It’s unclear whether Jordan reached out to Trump for help or Trump intervened on his own initiative. Scalise has done nothing to cross the former president. But Trump and Jordan have had a closer relationship over the years. And the bond has only been strengthened by the Judiciary Committee’s efforts to relieve Trump’s legal problems through the “Weaponization” subcommittee Jordan set up to investigate alleged abuse of power by Trump’s tormentors in the Justice Department.
Trump’s backing is one of two aces in the hole Jordan possesses. The other is his street cred with the right-wing hard-liners who took down McCarthy. They could gain control of the upcoming Speaker’s election, just as they did back in January, when they forced McCarthy to go through 15 ballots and make concession after concession to win their acceptance.
The Speaker’s election is a two-step process. Next week, the GOP conference will take a secret-ballot vote to name their nominee for the job. But then the full House will formally elect the Speaker, and it will only take five Republican holdouts to deadlock the balloting (as in January, House Democrats will almost certainly remain united in voting for their leader, Hakeem Jeffries).
Perhaps with Trump’s help, Jordan can secure enough hard-liner backing to make him the likelier winner in the full balloting, even if Scalise has more support from House Republicans generally. To put it bluntly, as Kevin McCarthy learned, having the backing of all but five House Republicans isn’t enough; the magic number for victory is 2018.

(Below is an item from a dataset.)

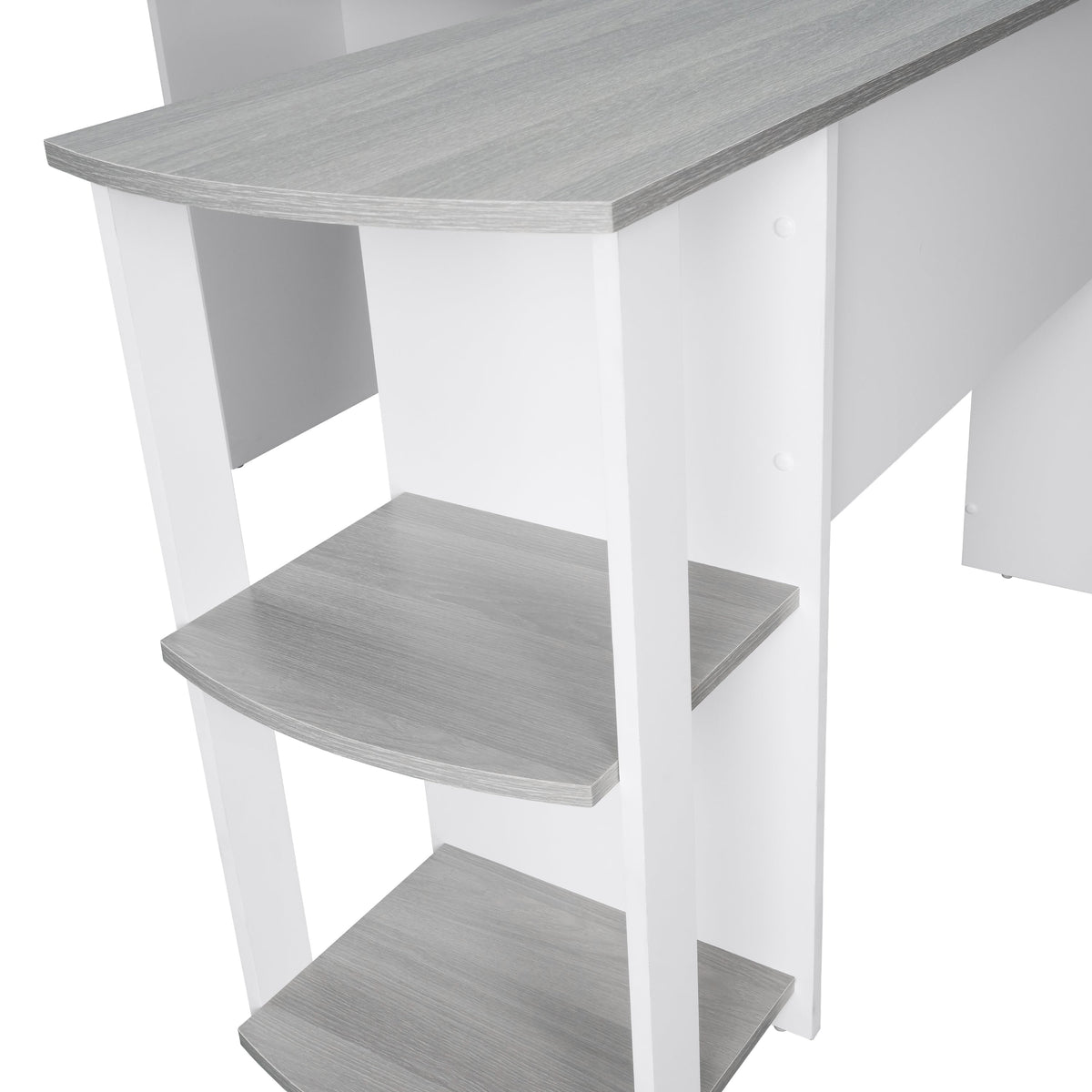 Modern L-Shaped Desk with Side Shelves Grey L-Shaped Desk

Unfortunately for the country, the reign of terror imposed by Matt Gaetz and his allies in pursuit of maximum confrontation with Democrats over spending levels and other MAGA priorities remains in place at least until McCarthy’s successor is chosen. What that successor plans to do upon the expiration of the 45-day stopgap spending bill McCarthy fatally accepted will be a huge issue in the Speaker’s balloting. Hard-liners may demand and more moderate Republicans may resist another government-shutdown crisis. How Jordan navigates that issue may determine his prospects for victory.